In in vitro, animal and human studies, linezolid is not detectably metabolised by CYP,[31] and it does not induce or inhibit the activities of clinically significant human CYP isoforms (1A2, 2C9, 2C19, 2D6, 2E1 and 3A4).[31–33]
1.4 Excretion
After single or multiple intravenous doses, the total systemic clearance (CL) of linezolid was approximately 100–200 mL/min. Renal clearance (CLR) averaged 30–50 mL/min, which suggests net tubular reabsorption. Nonrenal clearance, calculated as the difference between CL and CLR, averaged 70–150 mL/min. The elimination half-life averaged 5–7 hours.[17,19,20] Studies with radiolabelled linezolid 500mg (as [14C]linezolid 100 µCi) were conducted with single and multiple doses. Mass balance measurements accounted for approximately 94% of the dose in urine and faeces. Approximately 35% of the dose was excreted in urine as the parent drug and approximately 50% was excreted as the two major metabolites (approximately 40% as PNU-142586 and 10% as PNU-142300). Approximately 10% of the dose was excreted as the two major metabolites in the faeces.[23]

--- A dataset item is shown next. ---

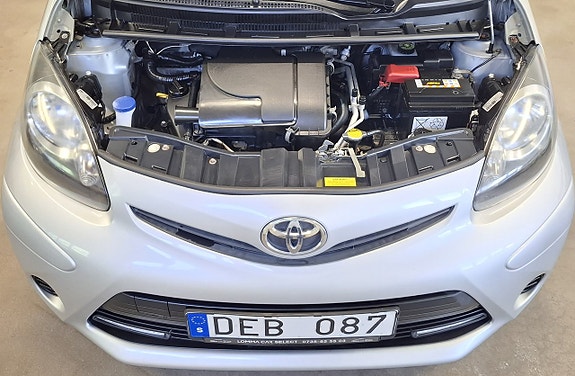 Toyota Aygo 16 of 19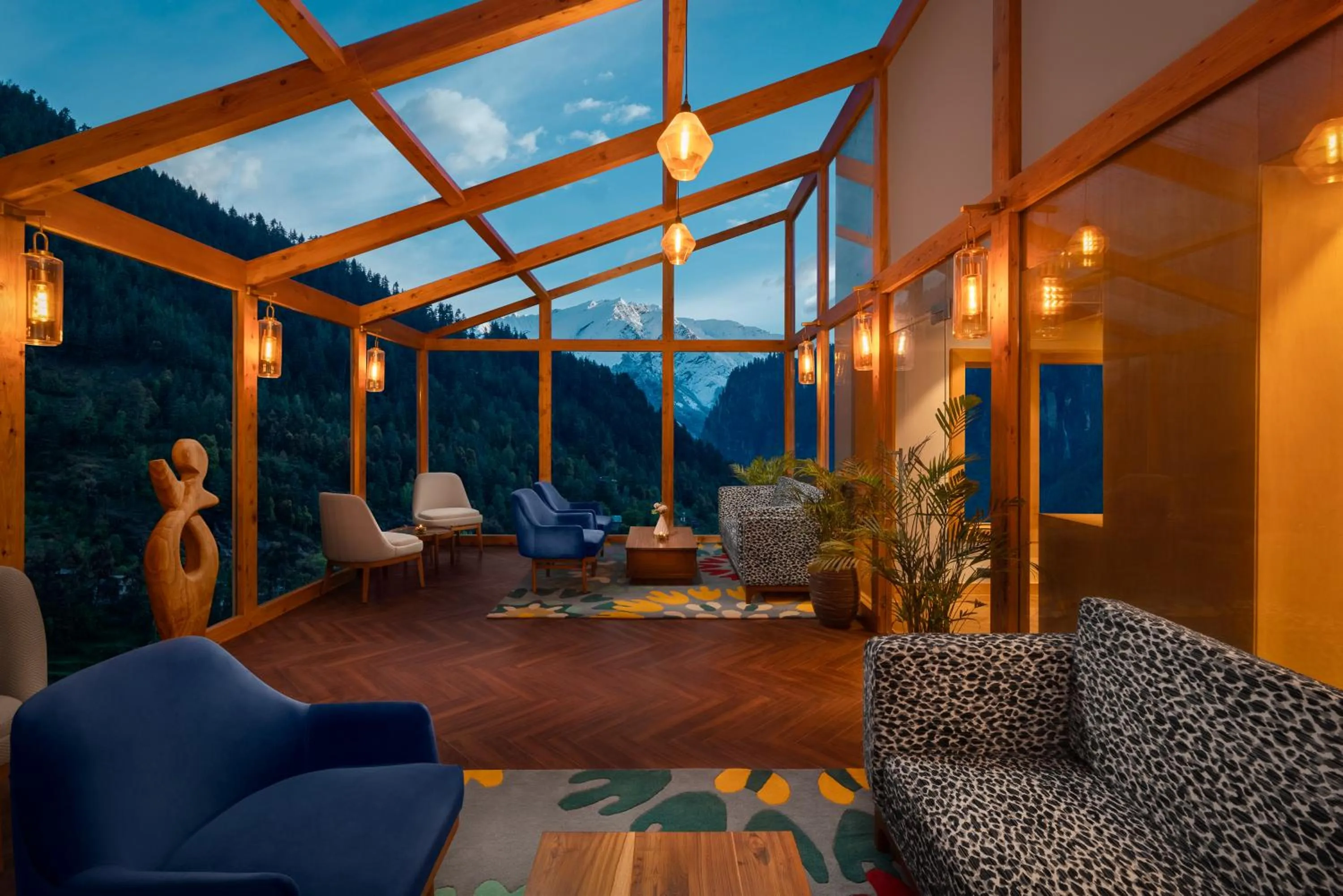 Lounge or bar in Bookmark Resorts, Manali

2. Factors Affecting Pharmacokinetics
2.1 Age
The pharmacokinetics of linezolid in elderly subjects were assessed as part of a study designed to evaluate the effects of age and sex on the pharmacokinetics of linezolid. In that study, six elderly men aged 65–74 years (mean 70 years) and eight elderly women aged 65–75 years (mean 70 years) were compared with eight young men aged 21–38 years (mean 39 years) and seven young women aged 21–38 years (mean 30 years). The pharmacokinetics of linezolid were determined for each subject following a single 600mg oral dose. The pharmacokinetic parameters are summarised in table III.
Except for CLR, which was correlated with creatinine clearance (CLCR), there were no significant differences in pharmacokinetic parameters between the young and elderly groups. This study indicated that increased age does not alter the pharmacokinetics of linezolid and that no dosage adjustment would be necessary in elderly patients.[34]
2.2 Sex
The study described for elderly subjects[34] was also used to determine the effects of sex on the pharmacokinetics of linezolid following a single 600mg oral dose to age-matched men and women.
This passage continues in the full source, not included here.